La chiusura di Radio Sis il cui personale è stato licenziato ormai due anni fa, ha anticipato nel tempo l’aria di tempesta che si respira adesso a Telecolor e ad Antenna Sicilia. Le reti televisive più note della famiglia Ciancio. «Noi siamo arrivati un anno a fatturare quasi un milione di euro», continua Anastasio. Poi l’ufficio commerciale sarebbe stato spostato su altri progetti e anche Radio Sis avrebbe cominciato a risentire della crisi. «Tra chi andava in onda e chi invece stava fuori onda, eravamo otto persone. Chiudendo quel capitolo si è chiuso un pezzo di storia della radiofonia siciliana». Lui ha cominciato a lavorare nelle radio da professionista nel 1989, con Radio Sole. «Poi è arrivata Radio Studio Centrale, dal ’90 al ’98, e poi è toccato a Radio Sis, la conferma della carriera». Fino al 2013, appunto.

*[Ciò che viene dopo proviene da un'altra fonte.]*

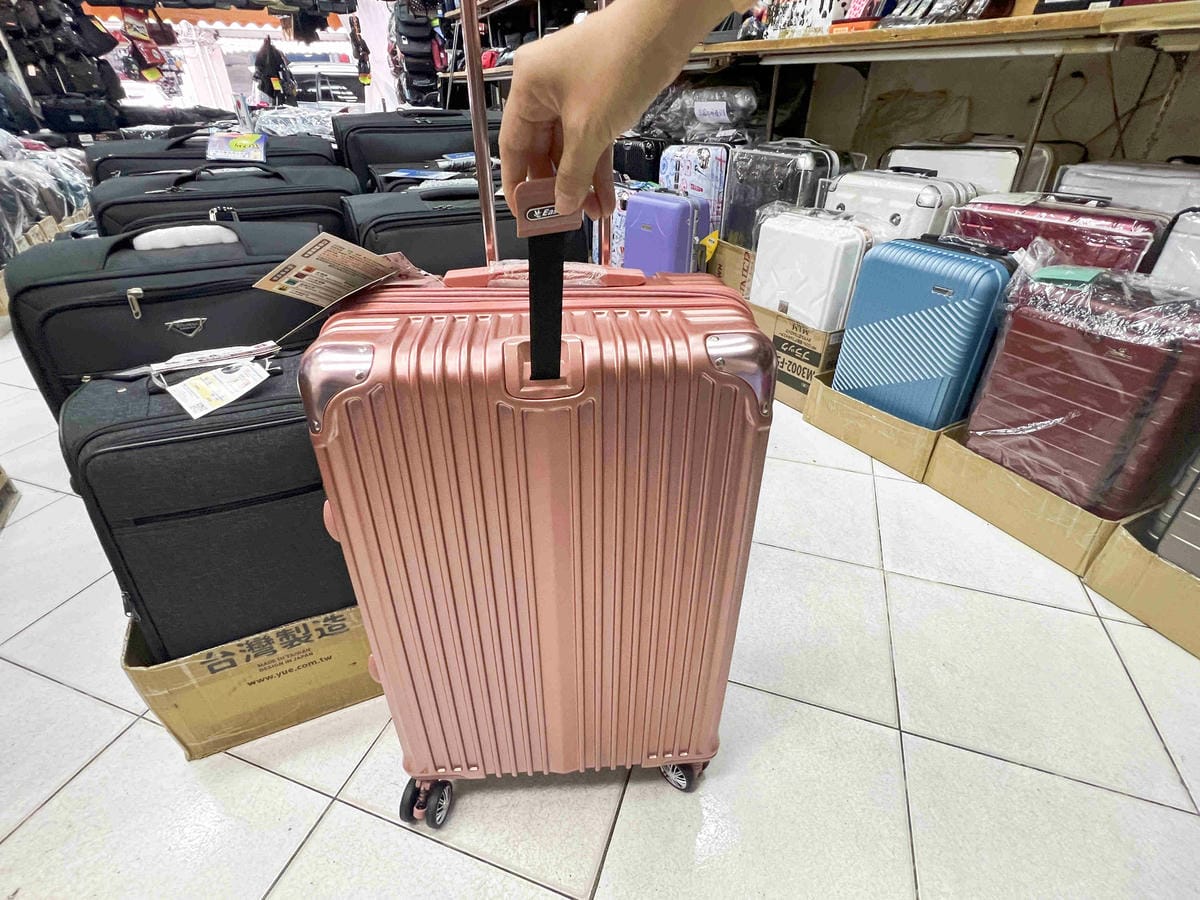 台北後火車站商圈推薦金埃及黛德美天美皮件 六分埔東東玩具(362).jpg 台北後火車站商圈推薦金埃及黛德美天美皮件 六分埔東東玩具(362).jpg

«Era una realtà straordinaria – ricorda Massimo Anastasio – Lì si cresceva tutti insieme. Abbiamo inventato cose nuovissime: facevamo Sis on the beach, portando la radio sulle spiagge dei catanesi. Una cosa che adesso fanno tutti, ma all’epoca era solo nostra. Abbiamo iniziato un percorso di appuntamenti dal vivo che ha dato un certo respiro anche al reparto commerciale: facevamo le trasmissioni dai negozi, era una bella cosa da poter offrire. Avevamo il contatto con gli ascoltatori, finalmente la gente poteva guardarci in faccia e dare un nome alle voci che facevano loro compagnia». Così come andavano forte le interviste «in una settimana. Erano sette, dieci minuti al giorno, in cui un artista parlava del suo nuovo lavoro. Presto le case discografiche hanno capito che si trattava di un’opportunità incredibile, così ci ritrovavamo ad avere parecchi spezzoni pronti. E a poter scegliere, per esempio, se una settimana mandare in onda Zucchero o Eros Ramazzotti. Abbiamo avuto i Litfiba, sono stato tra i primi in Italia a intervistare un gruppo che doveva diventare famoso e che erano i Lunapop».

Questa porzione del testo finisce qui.